What is the minimum viable IAM policy for Snowplow operation?

Not that we don’t trust that our Snowplow installation won’t go rogue, but you can never be too careful with your data, right? The IAM setup page gives a rather permissive policy to get things going, but how much can it be restricted? From a very out-of-date setup, we give our snowplow_operator:

{
    "Action": [
        "elasticmapreduce:AddInstanceGroups",
        "elasticmapreduce:AddJobFlowSteps",
        "elasticmapreduce:DescribeJobFlows",
        "elasticmapreduce:ModifyInstanceGroups",
        "elasticmapreduce:RunJobFlow",
        "elasticmapreduce:SetTerminationProtection",
        "elasticmapreduce:TerminateJobFlows",
        "cloudwatch:GetMetricStatistics",
        "cloudwatch:ListMetrics",
        "cloudwatch:PutMetricData"
    ],
    "Resource": [
        "*"
    ],
    "Effect": "Allow"
},
{
    "Action": [
        "ec2:AuthorizeSecurityGroupIngress",
        "ec2:CancelSpotInstanceRequests",
        "ec2:CreateSecurityGroup",
        "ec2:CreateTags",
        "ec2:DescribeAvailabilityZones",
        "ec2:DescribeInstances",
        "ec2:DescribeKeyPairs",
        "ec2:DescribeSecurityGroups",
        "ec2:DescribeSpotInstanceRequests",
        "ec2:DescribeSubnets",
        "ec2:DescribeRouteTables",
        "ec2:ModifyImageAttribute",
        "ec2:ModifyInstanceAttribute",
        "ec2:RequestSpotInstances",
        "ec2:RunInstances",
        "ec2:TerminateInstances"
    ],
    "Resource": [
        "*"
    ],
    "Effect": "Allow",
    "Condition": {
        "StringEquals": {
            "ec2:Region": "us-west-2"
        }
    }
},
{
    "Action": [
        "s3:GetObject",
        "s3:ListBucket",
        "sdb:CreateDomain",
        "sdb:Select",
        "sdb:GetAttributes",
        "sdb:PutAttributes",
        "sdb:BatchPutAttributes",
        "sdb:ListDomains",
        "sdb:DomainMetadata"
    ],
    "Effect": "Allow",
    "Resource": [
        "arn:aws:s3:::*elasticmapreduce/*",
        "arn:aws:sdb:*:*:*ElasticMapReduce*/*",
        "arn:aws:sdb:*:*:*"
    ]
}
# and S3 stuff for ETL...

Is this the best we can do? Particularly the *s for EMR, Cloudwatch, and SDB seem large, with the EC2 * being marginally better in that it’s restricted to a particular region. (Note that I’m not even sure that these permissions are sufficient for late-model Snowplows, since we’re so far behind the times.)

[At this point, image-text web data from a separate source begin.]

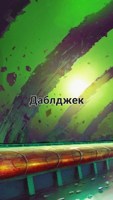 Обложка произведения ДаблДжек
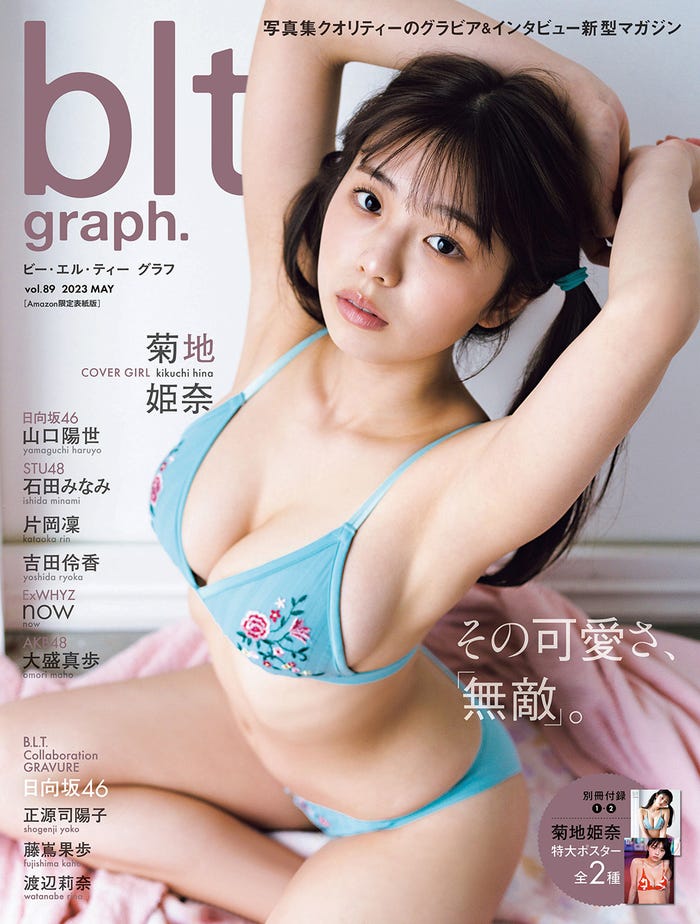 「blt graph.vol.89」(5月2日発売)Amazon限定表紙版:菊地姫奈/撮影:HIROKAZU(提供写真)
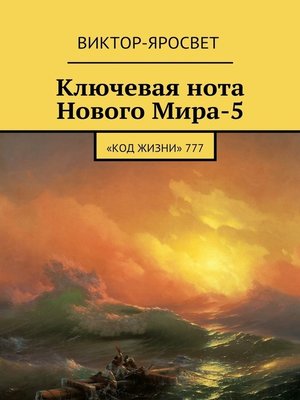 cover image of Ключевая нота Нового Мира-5. «Код Жизни» 777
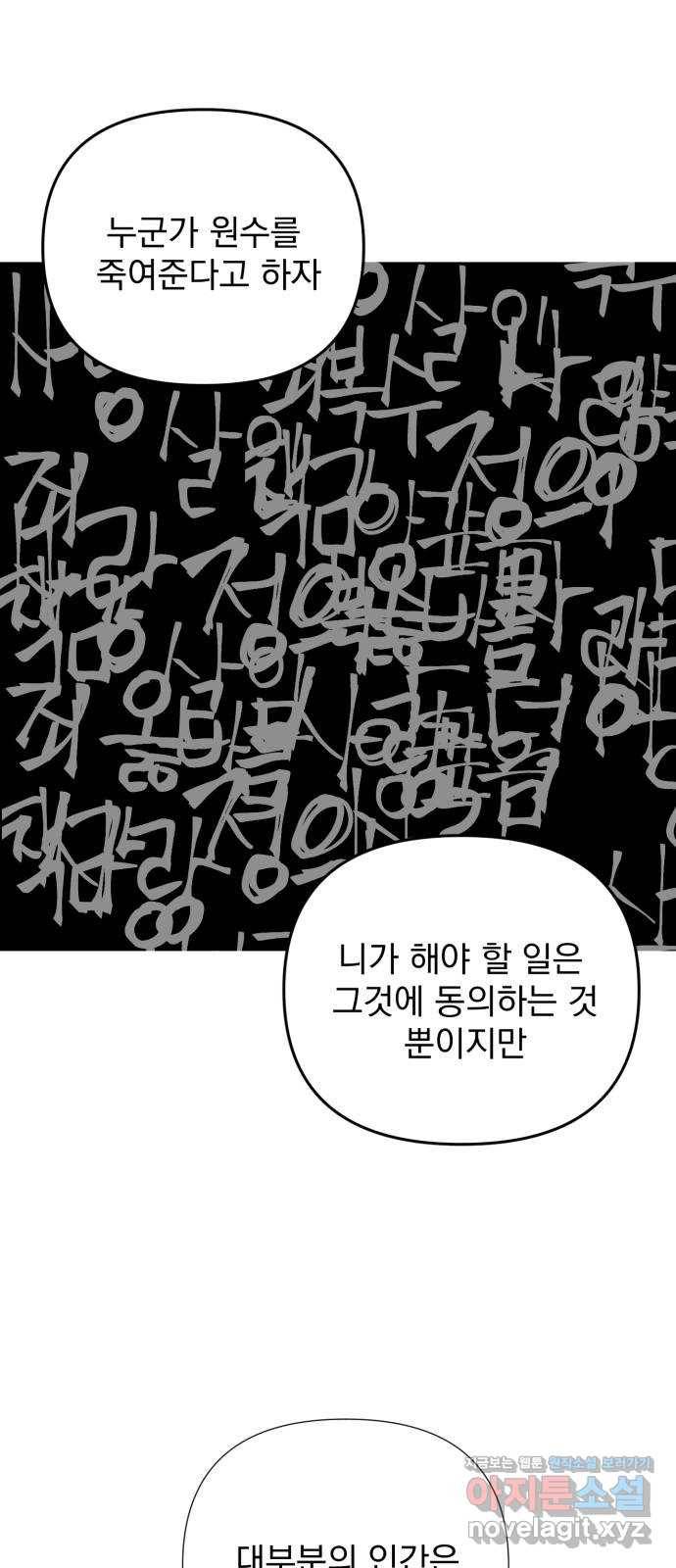 달로 만든 아이 31화 31
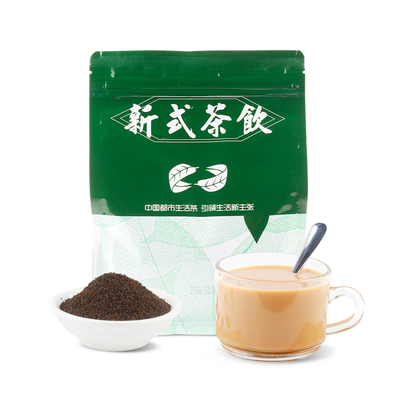 斯里兰卡锡兰CTC-PF红茶粉coco港式丝袜奶茶柠檬茶奶茶店茶叶原料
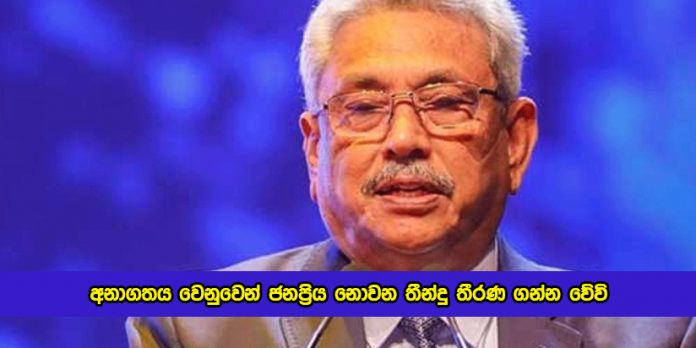 Gotabaya Rajapaksa Statement in Colombo - අනාගතය වෙනුවෙන් ජනප්‍රිය නොවන තීන්දු තීරණ ගන්න වේවි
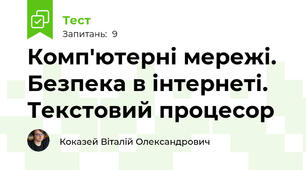 Комп'ютерні мережі. Безпека в інтернеті. Текстовий процесор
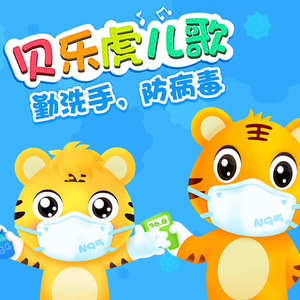 日本护士解开乳罩喂奶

Hi @alexc-sigfig - here is our wiki page for the Snowplow operator’s permissions: Setup IAM permissions for operating Snowplow.

Snowplow necessarily requires a lot of AWS permissions to run - it is strongly recommended to setup Snowplow in an exclusive AWS sub-account.

This is maybe more of an AWS question than a Snowplow question, but which resources need to be under the same AWS account? Can I get away with setting up a new collector and emr-etl-runner (and their associated S3 buckets) in a sub-account, but send the data into Redshift owned by another AWS account?

Yes sure - you can keep Redshift in a separate AWS account (many of our customers do).